Nun hat der Vorsitzende Alexander Mitsch die Aufmerksamkeit auf sich gezogen, als er den Rücktritt von Merkel forderte, damit die neue Parteichefin Annegret Kramp-Karrenbauer den Politikwechsel in der Einwanderungs- und Wirtschaftspolitik einleiten könne. „Es wäre für die Union das Beste, wenn Frau Merkel ihr Amt geordnet und möglichst bald an AKK übergibt“, erklärte der 50-jährige Mitsch.
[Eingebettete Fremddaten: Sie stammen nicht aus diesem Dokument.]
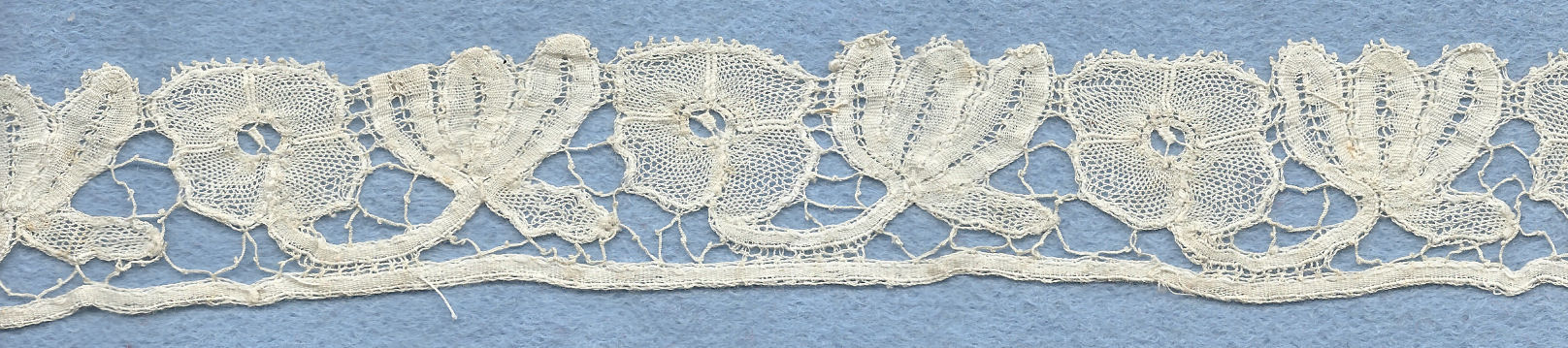 Honiton lace edging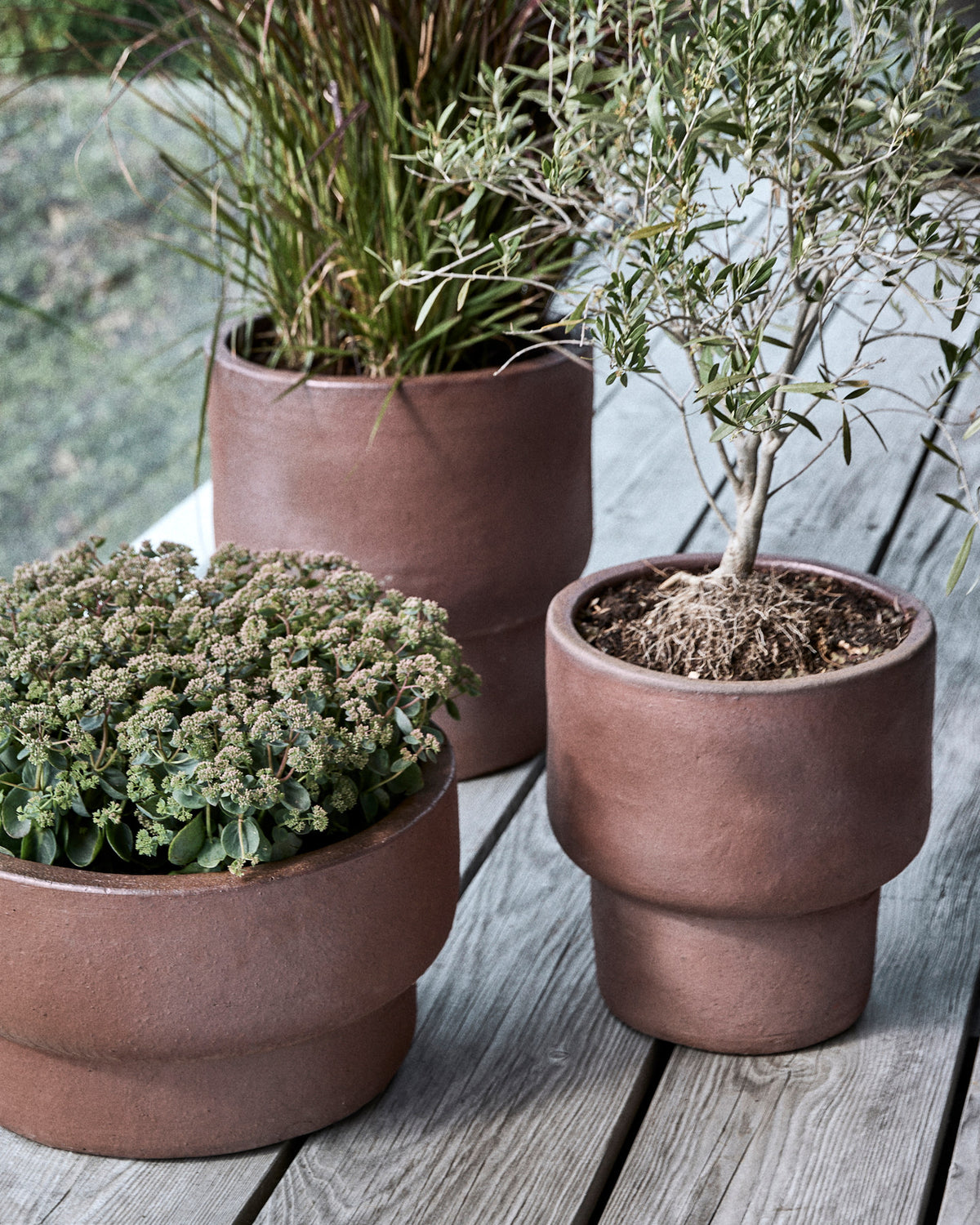 Blumentopf HDTerra in Antikes Braun aus Ton mit matter, unregelmässiger Oberfläche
Der Diplom-Kaufmann hat bereits 2018 gefordert, Merkel solle auf dem CDU-Parteitag als Vorsitzende zurücktreten. Es kam so. Mitsch kämpft seit 2015 für die Rückbesinnung auf die konservativen Werte in der CDU und versucht, Mitgliederinitiativen in CDU und CSU zu vereinen, die „CDU pur“ fordern.

Nicht, dass er ein Freund der neuen Parteichefin wäre: Er hat AKK bereits gewarnt, mit den Grünen ohne FDP zu koalieren. Dies würde eine „Zerreißprobe“ provozieren. Kramp-Karrenbauer hingegen hat es bereits als Generalsekretärin abgelehnt, die Werteunion als soziologische Gruppe anzuerkennen. Für Mitsch bitter: So wird seine Gruppe nicht von der CDU finanziell unterstützt und eingebunden.